Gameplay footage for the cancelled Outcast 2: The Lost Paradise has emerged with a blog post from Franck Sauer, who co-founded the defunct development studio Appeal. Along with the video, there are also details about how production was handled, as well as its development issues.
In the clip, we see a flythrough of a snowy landscape with the enhanced character model of the player in this alien-themed action adventure game. This includes some idle animations, as well as close-ups of textures, which look pretty impressive for a game started in 1999.
Brief action shots take a look at shooting mechanisms, flying ships and what appears to be a first-person view bobbing around. Inner designs of metal constructions further show off shooting and explosions, with the camera looking over the player’s shoulders.
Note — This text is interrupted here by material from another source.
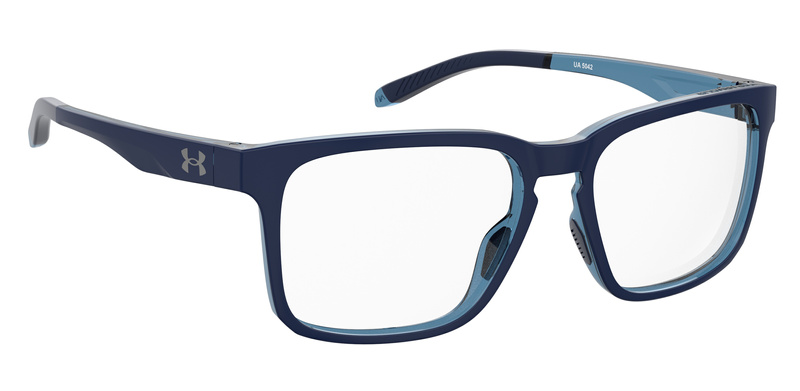 GLASSES UNDER ARMOUR MAN UA5042PJPF717 (Szkło/Zausznik/Mostek) 57/17/140 mm)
Another section illustrates an encounter with a sandworm that looks similar to those in the classic Dune. When caught by this monster, the worm swallows up the player.
Voice acting is also shown off with the detailed character’s rigging. Lip syncing seems to follow the speech really well. The same goes for the warm lighting effects rolling at the end of the clip.
Sauer details how production went further in his post. After the critical acclaim for the original Outcast, they were able to snag a pre-production deal quickly.
They met issues, however, when publisher Infogrames insisted that the game’s prior adventure-style be shifted to action, because “that’s what console gamers want.”
Publisher meddling eventually led Appeal co-founder Yves Grolet to leave the Belgian studio, after it was insisted that they’d develop for Playstation 2, after disappointing PC sales. Their original title sold 400,000 boxed units, which fell short of Infogrames’ wanted 1 million copies.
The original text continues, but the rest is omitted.